Another measure that has been proposed for limiting exposure to diagnostic radiation in children is the incorporation of personal information on lifetime IR exposure in computerised medical systems. Such information could include the numbers and types of procedures carried out, the ages at which they were carried out, and calculations of cumulative doses absorbed by different organs. Consideration of these factors could be important in determining to which diagnostic examinations the patient should be referred (Sadetzki, 2007).

Thus, there are also legal and ethical implications of exposure to diagnostic IR that need to be addressed, such as the right of a parent to be informed of the risks involved in the procedures to which his or her child has been referred.

Conclusion

The use of IR in medicine has provided a wide range of possibilities for diagnosis and treatment. Constant refinement of the techniques used in radiological examinations has produced greater resolution in imaging, facilitating greater accuracy of assessments. However, along with the important benefits of medical applications of IR, there are risks that need to be considered as well. Children constitute a subgroup at greater risk from exposure to radiation because of their greater degree of radiosensitivity and because of the many years of life ahead of them during which they could develop radiation-induced cancer.
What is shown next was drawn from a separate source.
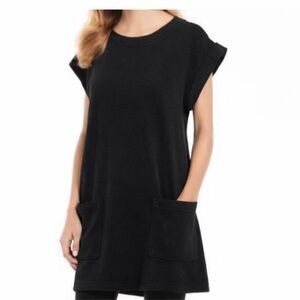 Bryn Walker Clyde Tunic Dress Bamboo Sweatshirt Knit Lagenlook Black Size L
In order to minimise the risks, it is essential that procedures involving low doses of IR be used with discretion, in a responsible way. Although the risks involved may be relatively small, the ancient concept expressed by Hippocrates of ‘Primum non nocere’ (to help, or at least to do no harm) should serve as a guide when assessing the appropriateness of radiation-based imaging procedures in pediatric patients.